I'd say just a little bit in defence of Donaldson, I suppose—it's not my job to defend Donaldson, but, you know—. And I declare an interest in that my wife is doing a little bit of curriculum-forming in humanities. But, if you look at what we probably need to deal with this, you need strong foundational skills, you need strong problem-solving skills, interpersonal skills and, indeed, lifelong learning, and then you need to be able to give people the technical skills they're going to need, and the vocational skills.

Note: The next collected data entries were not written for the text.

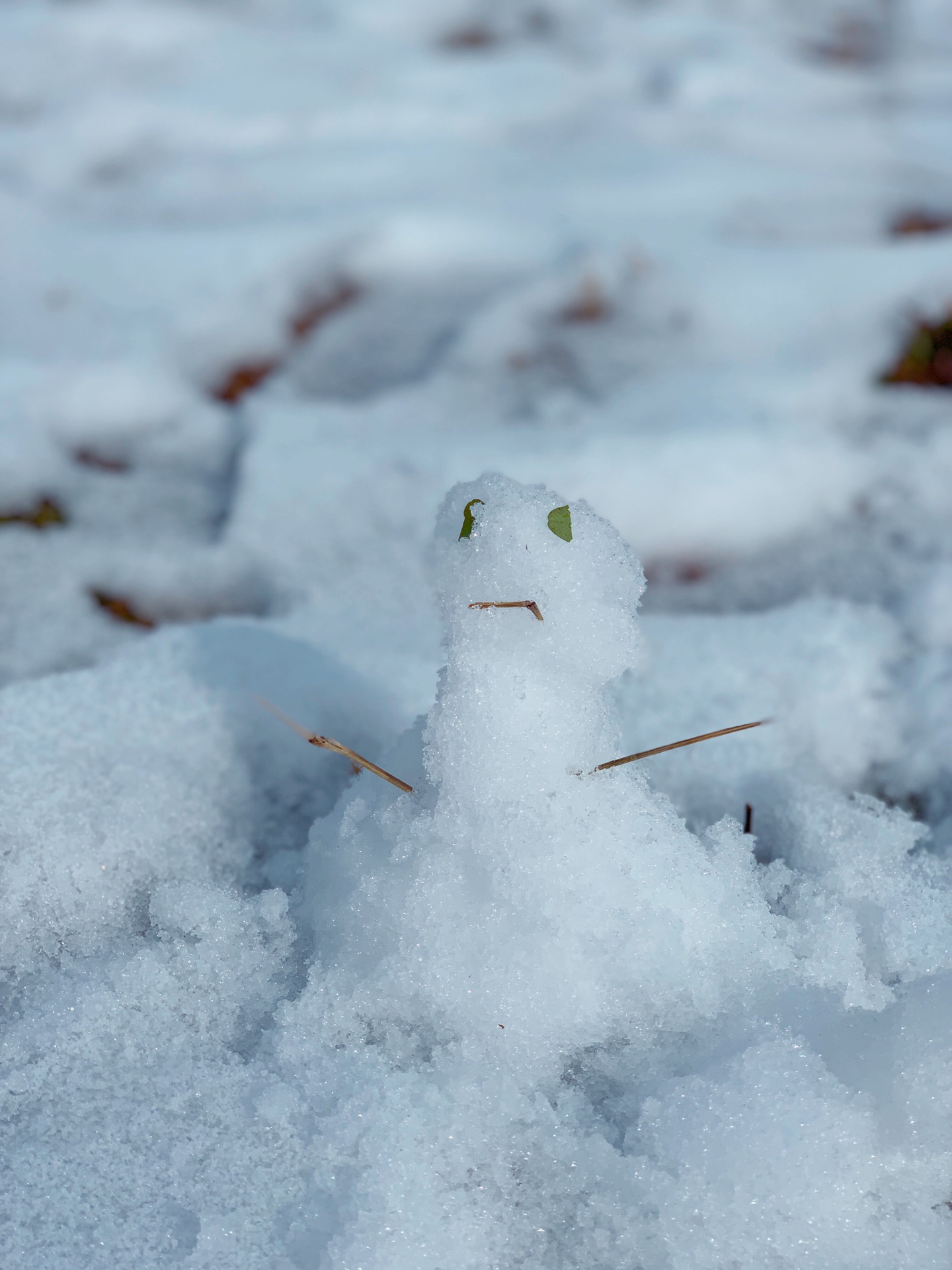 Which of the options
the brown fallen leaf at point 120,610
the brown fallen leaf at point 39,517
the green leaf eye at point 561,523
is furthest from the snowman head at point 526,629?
the brown fallen leaf at point 39,517

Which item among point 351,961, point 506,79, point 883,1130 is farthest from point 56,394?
point 506,79

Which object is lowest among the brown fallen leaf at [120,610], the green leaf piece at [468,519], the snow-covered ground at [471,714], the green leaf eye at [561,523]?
the brown fallen leaf at [120,610]

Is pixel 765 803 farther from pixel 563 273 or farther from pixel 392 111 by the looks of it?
pixel 392 111

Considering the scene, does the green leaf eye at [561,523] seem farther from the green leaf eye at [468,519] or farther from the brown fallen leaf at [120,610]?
the brown fallen leaf at [120,610]

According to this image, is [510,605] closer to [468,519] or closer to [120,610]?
[468,519]

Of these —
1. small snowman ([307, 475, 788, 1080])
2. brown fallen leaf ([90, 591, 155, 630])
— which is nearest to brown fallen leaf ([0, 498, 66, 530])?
brown fallen leaf ([90, 591, 155, 630])

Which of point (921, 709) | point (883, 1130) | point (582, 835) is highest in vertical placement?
point (582, 835)

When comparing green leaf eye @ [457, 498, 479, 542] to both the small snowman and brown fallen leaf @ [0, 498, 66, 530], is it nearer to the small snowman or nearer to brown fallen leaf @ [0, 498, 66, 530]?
the small snowman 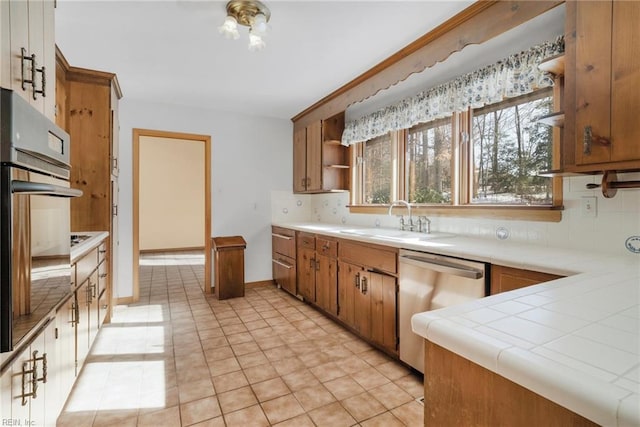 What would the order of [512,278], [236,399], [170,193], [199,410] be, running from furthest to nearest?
[170,193] < [236,399] < [199,410] < [512,278]

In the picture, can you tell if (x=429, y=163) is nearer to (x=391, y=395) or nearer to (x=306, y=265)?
(x=306, y=265)

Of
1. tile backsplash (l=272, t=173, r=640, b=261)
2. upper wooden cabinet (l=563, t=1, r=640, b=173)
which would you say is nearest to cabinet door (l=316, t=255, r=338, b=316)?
tile backsplash (l=272, t=173, r=640, b=261)

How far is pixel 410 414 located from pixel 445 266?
832 mm

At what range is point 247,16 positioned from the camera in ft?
6.66

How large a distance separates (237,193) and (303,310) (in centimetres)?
185

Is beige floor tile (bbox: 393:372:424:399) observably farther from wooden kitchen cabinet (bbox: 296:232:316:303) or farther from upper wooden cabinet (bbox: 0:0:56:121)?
upper wooden cabinet (bbox: 0:0:56:121)

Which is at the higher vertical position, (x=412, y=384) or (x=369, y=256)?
(x=369, y=256)

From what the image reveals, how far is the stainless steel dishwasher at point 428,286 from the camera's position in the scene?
176 cm

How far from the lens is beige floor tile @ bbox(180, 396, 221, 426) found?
5.66ft

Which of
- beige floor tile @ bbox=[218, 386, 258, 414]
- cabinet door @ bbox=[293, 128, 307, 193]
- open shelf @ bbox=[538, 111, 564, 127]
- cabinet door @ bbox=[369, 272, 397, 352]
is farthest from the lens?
cabinet door @ bbox=[293, 128, 307, 193]

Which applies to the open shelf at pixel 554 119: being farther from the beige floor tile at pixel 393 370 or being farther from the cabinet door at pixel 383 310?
the beige floor tile at pixel 393 370

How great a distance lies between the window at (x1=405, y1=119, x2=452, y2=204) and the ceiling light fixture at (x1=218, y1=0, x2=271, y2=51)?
171 cm

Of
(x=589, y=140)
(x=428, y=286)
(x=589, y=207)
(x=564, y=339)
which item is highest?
(x=589, y=140)

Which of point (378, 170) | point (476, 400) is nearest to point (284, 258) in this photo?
point (378, 170)
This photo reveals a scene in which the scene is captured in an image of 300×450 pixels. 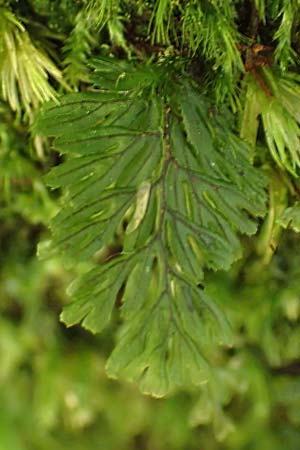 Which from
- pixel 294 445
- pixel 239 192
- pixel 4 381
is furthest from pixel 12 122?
pixel 294 445

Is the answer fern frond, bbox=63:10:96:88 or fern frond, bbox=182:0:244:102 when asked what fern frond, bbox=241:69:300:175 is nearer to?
fern frond, bbox=182:0:244:102

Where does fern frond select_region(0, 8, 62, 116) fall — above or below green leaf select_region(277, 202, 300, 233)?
above

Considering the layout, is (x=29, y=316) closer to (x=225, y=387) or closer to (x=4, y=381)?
(x=4, y=381)

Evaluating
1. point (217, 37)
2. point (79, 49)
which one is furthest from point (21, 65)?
point (217, 37)

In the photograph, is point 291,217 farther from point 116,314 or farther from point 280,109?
point 116,314

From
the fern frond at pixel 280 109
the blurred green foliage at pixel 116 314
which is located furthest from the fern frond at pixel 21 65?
the fern frond at pixel 280 109

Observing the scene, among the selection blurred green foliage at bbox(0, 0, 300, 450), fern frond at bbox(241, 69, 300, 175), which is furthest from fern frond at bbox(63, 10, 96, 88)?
fern frond at bbox(241, 69, 300, 175) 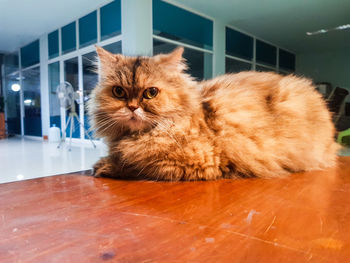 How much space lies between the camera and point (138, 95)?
84 centimetres

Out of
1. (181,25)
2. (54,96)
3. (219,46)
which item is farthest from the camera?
(54,96)

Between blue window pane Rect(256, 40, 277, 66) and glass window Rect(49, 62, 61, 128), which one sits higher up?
blue window pane Rect(256, 40, 277, 66)

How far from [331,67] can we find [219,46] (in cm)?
372

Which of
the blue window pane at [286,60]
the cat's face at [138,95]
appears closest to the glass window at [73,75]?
the cat's face at [138,95]

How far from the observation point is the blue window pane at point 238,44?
18.3 feet

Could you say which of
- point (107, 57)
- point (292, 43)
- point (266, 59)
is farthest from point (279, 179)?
point (292, 43)

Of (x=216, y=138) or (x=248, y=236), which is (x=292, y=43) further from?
(x=248, y=236)

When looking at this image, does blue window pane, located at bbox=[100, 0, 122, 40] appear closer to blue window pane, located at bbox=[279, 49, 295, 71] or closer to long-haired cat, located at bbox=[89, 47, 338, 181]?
long-haired cat, located at bbox=[89, 47, 338, 181]

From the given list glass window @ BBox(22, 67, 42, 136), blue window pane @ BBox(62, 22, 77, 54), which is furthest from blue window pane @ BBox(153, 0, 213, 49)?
glass window @ BBox(22, 67, 42, 136)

Donaldson, I think, is at least an attempt to give young people that broader grounding—that they are going to be able to problem solve, they are going to be able to work together and they are going to have some of that knowledge in coding. So, I think it's probably not a bad place to be and to start from—it's certainly better than where we are at the moment, but I think Richard's right around the fact that the quality of teaching right across the education sector is absolutely vital to this. Where I think the Welsh Government may have a challenge is to actually be—. Do we have the time and the money to invest in the quality of the teaching to deliver the new curriculum?
I think there might also be a false distinction between the creative and critical thinking skills and, on the other side, STEM subjects. There's a pedagogy, a way of teaching. You could be teaching science and maths in creative and critical ways. So, they're definitely complementary; it's not either/or. And I think—when it comes to aspirations as well, I think that's ensuring that young people and children know that they can learn, that they like learning, so that when they do come along to lifelong learning later on in life, they've had a good experience of it. Otherwise, you do come up against those barriers.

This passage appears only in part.